== Segment start ==

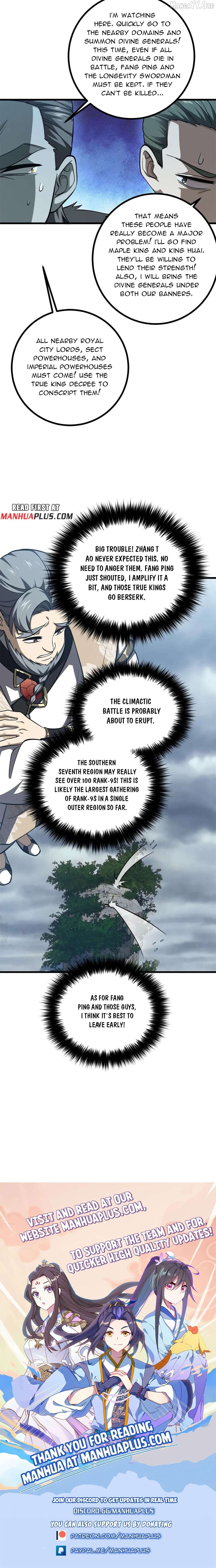 Global Martial Arts Chapter 334 - page 16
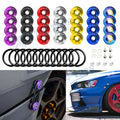 Quick Release Bumper Fender Clip Kit for Universal Fit (–)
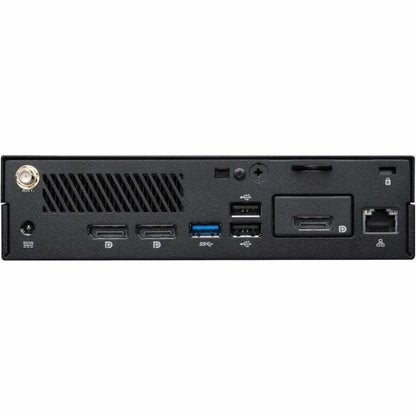 Ordinateur de bureau Asus PB62 PB62-SYS715PXTH - Intel Core i7 11e génération i7-11700 - 16 Go - SSD 512 Go - Mini PC - Noir 90MS02C1-M003L0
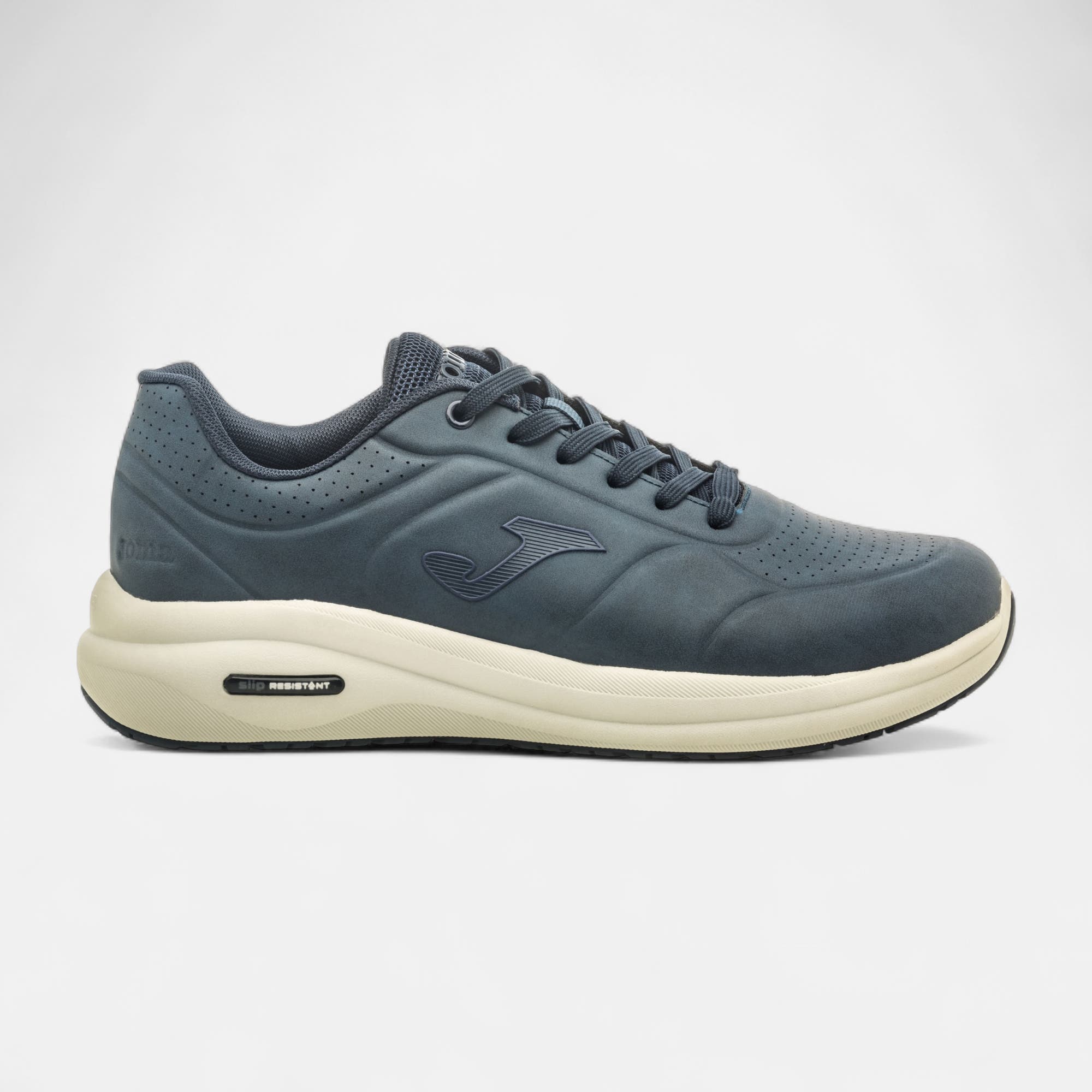 Baskets Homme bleu marine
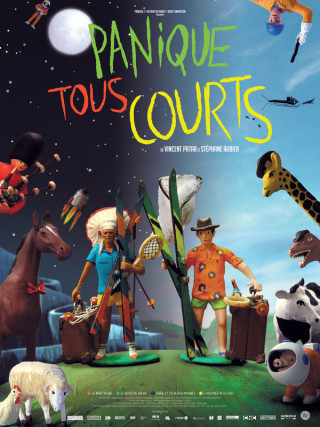Ciné-Goûter: Panique tous courts (Rex) Brive-la-Gaillarde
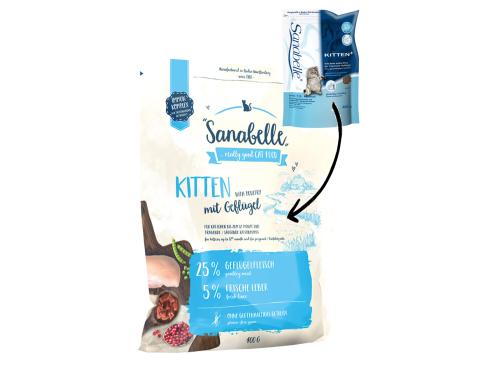 Sanabelle Trockenfutter Kitten 400 g 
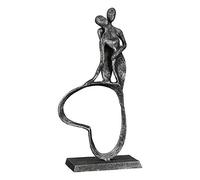 Casablanca Statue Couple Stand by Me, Fer 23 cm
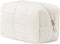 Small Y2K Checkered Makeup Bag for Women, Cosmetic Pouch for Purse, Travel Makeup Organizer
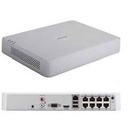 HIK - 8ch NVR 4MP H264+ 1 SATA 8 PoE mini 1U case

== Segment end ==

Assignment: Return each line of the data, keeping its wording exact and omitting pictures.

Task result:
 Global Martial Arts Chapter 334 - page 16
 Quick Release Bumper Fender Clip Kit for Universal Fit (–)
 Ordinateur de bureau Asus PB62 PB62-SYS715PXTH - Intel Core i7 11e génération i7-11700 - 16 Go - SSD 512 Go - Mini PC - Noir 90MS02C1-M003L0
 Baskets Homme bleu marine
Ciné-Goûter: Panique tous courts (Rex) Brive-la-Gaillarde
 Sanabelle Trockenfutter Kitten 400 g 
 Casablanca Statue Couple Stand by Me, Fer 23 cm
 Small Y2K Checkered Makeup Bag for Women, Cosmetic Pouch for Purse, Travel Makeup Organizer
 HIK - 8ch NVR 4MP H264+ 1 SATA 8 PoE mini 1U case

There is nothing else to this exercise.